Amit Chaudhuri: "Betörungen und fromme Lügen"

Importfertiggerichte aus dem Kühlregal


Amit Chaudhuri, 1962 in Kalkutta geboren, in Bombay aufgewachsen, gab sein erzählerisches Debüt 1991. Seither erhielt er zahlreiche Auszeichnungen wie den "Commonwealth Writers Prize" für das beste Erstlingswerk, "A Strange and Sublime Address" (dt. "Eine seltsame und erhabene Adresse"). Der in London und Oxford studierte Kritiker und Romancier, nunmehr in Kalkutta ansässig, gilt als einer der bedeutendsten zeitgenössischen Schriftsteller Indiens. Dass er somit gewissermaßen aus zwei Perspektiven schreiben kann und dies in der Sprache der ehemaligen Kolonialmacht tut, öffnet ihm den globalisierten Buchmarkt.

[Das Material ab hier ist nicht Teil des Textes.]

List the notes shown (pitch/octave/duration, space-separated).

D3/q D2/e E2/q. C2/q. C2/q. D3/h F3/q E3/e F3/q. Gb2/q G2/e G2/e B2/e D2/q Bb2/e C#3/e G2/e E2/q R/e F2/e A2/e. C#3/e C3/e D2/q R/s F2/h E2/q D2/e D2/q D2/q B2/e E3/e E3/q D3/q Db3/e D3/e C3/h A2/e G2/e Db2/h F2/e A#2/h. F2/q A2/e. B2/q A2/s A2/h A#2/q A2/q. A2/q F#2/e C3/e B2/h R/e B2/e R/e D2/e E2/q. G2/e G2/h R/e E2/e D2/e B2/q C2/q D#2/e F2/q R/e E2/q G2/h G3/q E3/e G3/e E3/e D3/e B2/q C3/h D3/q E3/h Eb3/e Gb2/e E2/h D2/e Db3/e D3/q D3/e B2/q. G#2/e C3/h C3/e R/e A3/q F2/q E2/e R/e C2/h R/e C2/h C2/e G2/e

Ein Beobachter des Lebens erzählt von der Symbiose von Mythen und Moderne

(...) Bald darauf ging ich nach England. Manchmal fragte ich meine Mutter am Telefon: "Wie geht es Bishnu Prasad Chakrabarty?" - so hieß Mastermoshai. Aber man hörte kaum noch von ihm. Nachdem es offenbar immer wieder zu dummen kleinen Streitigkeiten gekommen war, hatte er den Nachhilfeunterricht ganz aufgegeben und sich ernsthaft auf das Speiseöl-Geschäft verlegt. Als ich das nächste Mal nach Kalkutta kam, hätte ich mich gern mit ihm ausgesöhnt, doch niemand wusste, wo er war; es hieß, er sei zu Ganesh gezogen, der jenseits der Eisenbahnlinie lebte, bei den nomadischen Armen - Hausangestellten, Fabrikarbeitern -, die dort in einer  anderen Gesellschaft ein anderes Leben führten.
Einige Jahre später erzählte mir meine Mutter, dass er gestorben sei und alles Ganesh hinterlassen habe. Heute weiß ich, dass die Zeit, in der ich ihn kannte, eine Übergangsphase für ihn war: Nachdem er Frau und Kinder verloren, nachdem er das Leben durchschaut hatte, kehrte er zu seinem jugendlichen Enthusiasmus zurück - Baudelaire, Eliot -, um für eine Weile wieder zu Verstand zu kommen. Dann löste er seine Bindungen aus unerfindlichen Gründen aufs Neue.
Seit dem Tag, als ich ihn kennen lernte, hat sich in meinem Leben viel verändert. Dass ich nach England ging, hat einiges in den Hintergrund rücken und anderes deutlicher hervortreten lassen. Ich erkannte, dass eine seltsame Verbindung zwischen dieser kleinen, kalten Insel und dem fernen Bengalen die Kleinstadtwelt Kalkuttas und sogar Mastermoshai selbst hervorgebracht hatte. Aus der Entfernung sah ich die Dinge nach und nach in der richtigen Perspektive: eine koloniale Kleinstadt mit ihren Straßenbahnen und Taxis, nicht wahrgenommen vom Rest der Welt und von ihm abgeschnitten, erfüllt von einer Liebe zum Zauber der Literatur, die ich nirgendwo sonst gefunden habe und die in gewisser Weise lebendiger Bestandteil des Kleinstadtlebens ist. Binoy sehe ich heute kaum noch. Ich lebe den größten Teil des Jahres in einem anderen Teil der Welt, er ist in dem Haus in Kalkutta geblieben. Er war auf dem College nicht allzu erfolgreich und arbeitet jetzt im Geschäft seines Vaters mit; außerdem ist er, wie ich gehört habe, Mitglied einer politischen Theatergruppe und macht gelegentlich Straßentheater.
Einmal habe ich ihn auf der Bühne gesehen, als mittelalterlichen König, juwelengeschmückt und in Seide gekleidet, einen Turban auf dem Kopf, das dunkle Gesicht unter einer weißen, mehligen Puderschicht verborgen. Kalkutta ist sein Universum; wie ein Tautropfen umschließt es das Licht und die Farben der ganzen Welt. (Aus "Porträt eines Künstlers")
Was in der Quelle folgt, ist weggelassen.